I work specifically in Graphite Technology which involves supporting the operation of existing reactors and the development of new ones, as well as assisting graphite decommissioning. For reactors in the UK, graphite acts both as a moderator in the nuclear reaction and forms the structural material of the reactor core itself. The UK has been operating graphite-moderated reactors commercially longer than any other country in the world, so our expertise in the field is unparalleled.

To ensure our work is always at the cutting edge, we collaborate with experts in academia and with universities across the country, often welcoming PhD students and researchers into our laboratories. This provides those outside NNL with the opportunity to work in an industrial environment, as well as giving our people the chance to tap into a wider pool of knowledge and enhance their own technical abilities.

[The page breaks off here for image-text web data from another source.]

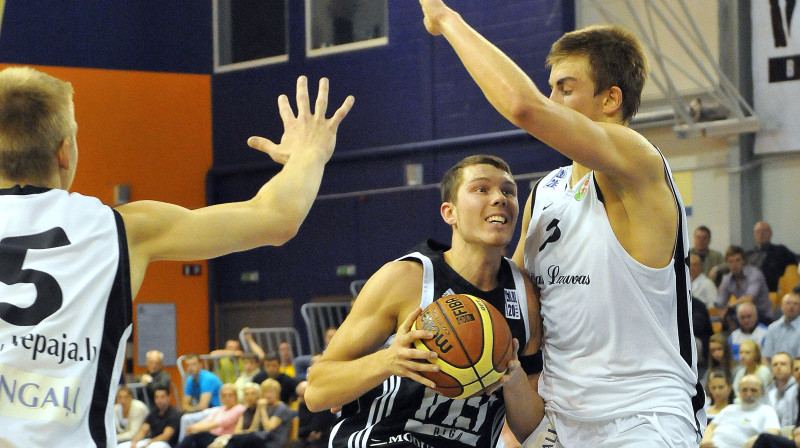1.maijā viena no Basketbola dienas naglām būs LBL pusfināla spēle: VEF Rīga - Liepājas lauvas.
Foto: Romualds Vambuts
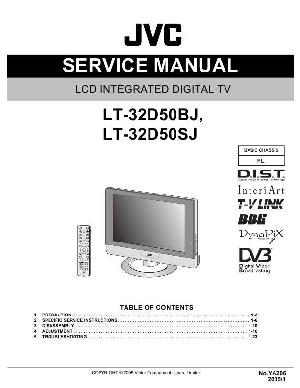 Сервисная инструкция JVC LT-32D50BJ, LT-32D50SJ ― Manual-Shop.ru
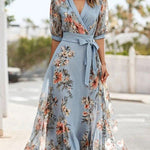 Suniya | V-Neck Midi Dress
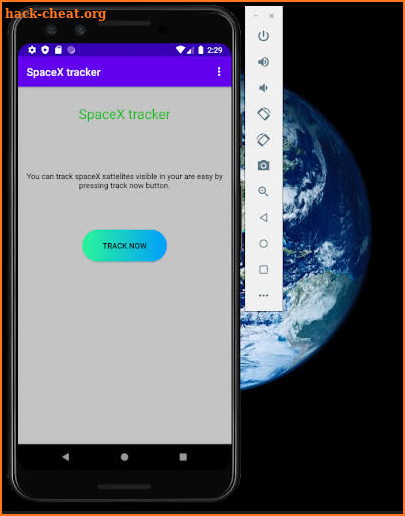 Spacex tracker screenshot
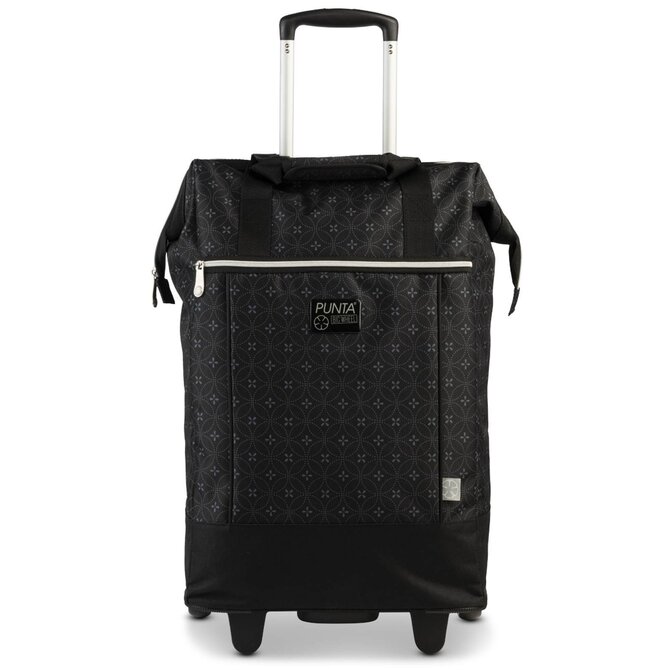 Fabrizio Nákupní taška na kolečkách PUNTA Big Wheel černá, Textil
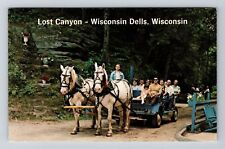 Wisconsin Dells WI-Wisconsin, Lost Canyon Vintage Souvenir Postcard picture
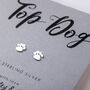 Top Dog Sterling Silver Paw Print Earrings, thumbnail 4 of 9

Likewise, through our participation in ASTM International, which is the organisation that provides the standards and the test methods for measuring graphite samples, we have formed strong partnerships with laboratories across the world. These include Idaho National Laboratory and Oak Ridge National Laboratory in the US, and NRG in the Netherlands.

As we look to the future, our main aim in Graphite Technology is to support the next generation of nuclear reactors and ensure we accelerate the decommissioning of our existing ones in a safe and cost-effective manner. For over 60 years, NNL has been the only provider of post-irradiation examination campaigns of reactor graphite in the UK, which means we are perfectly positioned to apply our extensive experience to new areas of nuclear energy.”

“To ensure our work is always at the cutting edge, we collaborate with experts in academia and with universities across the country, often welcoming PhD students and researchers into our laboratories.”

Nassia Tzelepi Fellow in Graphite Technology at NNL

The future of Core Science

By 2026, we want all 12 of our Core Science areas to be independently reviewed as, or on the way to being, ‘world class’.

To help us achieve this, we will deliver a series of engagement programmes that line up with each of our Core Science areas. This will involve communicating much more broadly – both across NNL and externally – to engage the very best in our sector, and continuing to provide the wider research community with access to our specialist facilities.